The court’s interpretation of G.L.c. 186, §15 is supported by G.L.c. 105A, entitled “Self-Service Storage Facilities,” which defines such facilities as “any real property used for renting or leasing individual storage spaces in which the occupants themselves customarily store and remove their own personal property on a self-service basis.” G.L.c. 105A, §1 (emphasis added).

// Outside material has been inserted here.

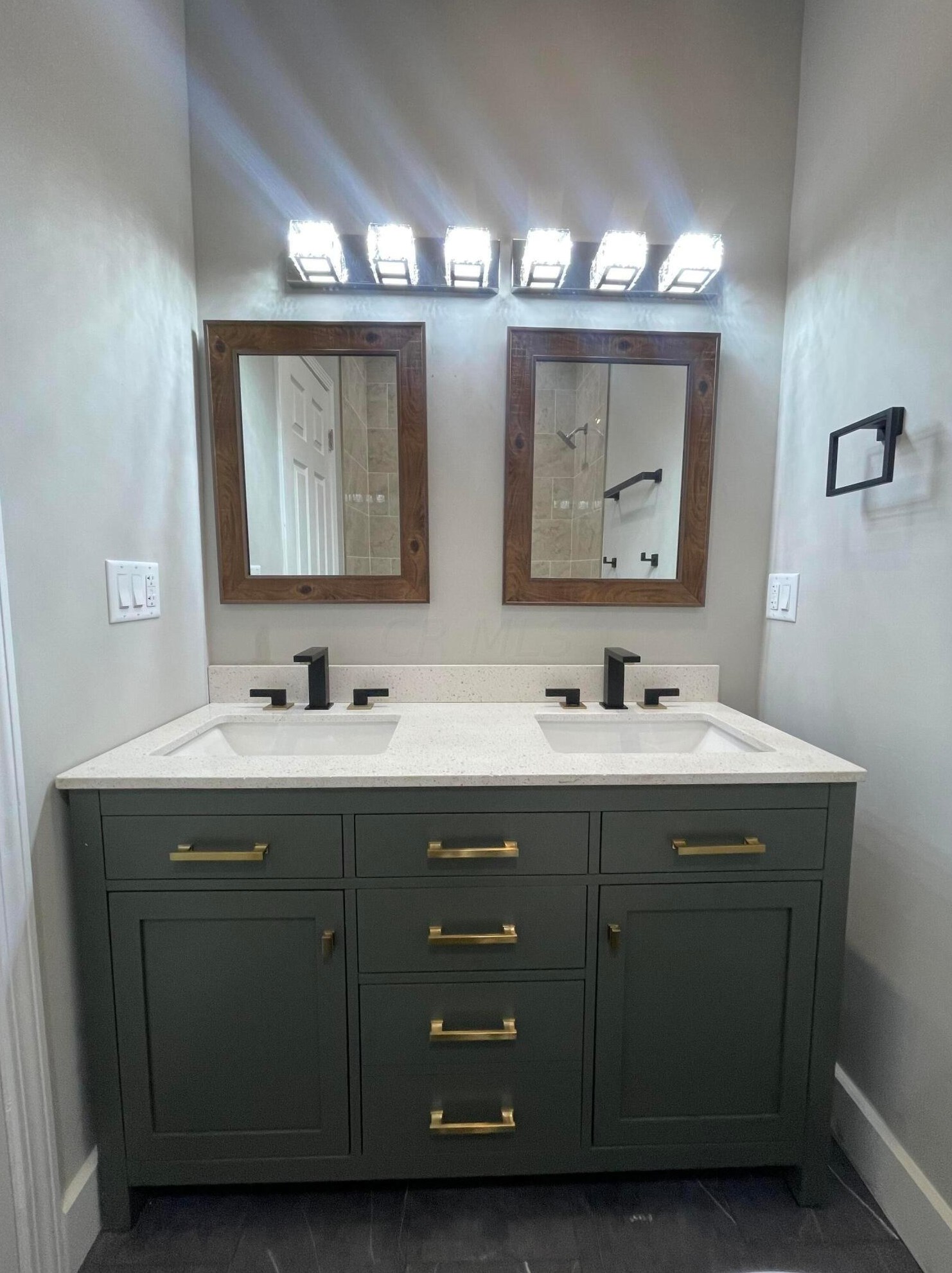 2435 Strimple Ave, Columbus OH 43229-4761 exterior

Defendant has offered this motion against each one of the suits filed by the plaintiffs. By agreement, one of the plaintiffs’ counsel argued the matter and it was understood that the court’s decision would control each motion. Therefore, as to the motions of the defendant against each plaintiffs claims, the result reached herein will be dispositive. The suits thus reached are Sears v. Nolan, (No. 96-0820), Menegakis v. Nolan, (No. 95-0156), Larrabee v. Nolan, (No. 96-1658), Pond v. Nolan, (No. 94-2348), Kolb v. Nolan, (No. 95-0385), Dacri v. Nolan, (No. 95-2309), Hmura v. Nolan, (No. 96-2623), Fortier v. Nolan, (No. 97-0339).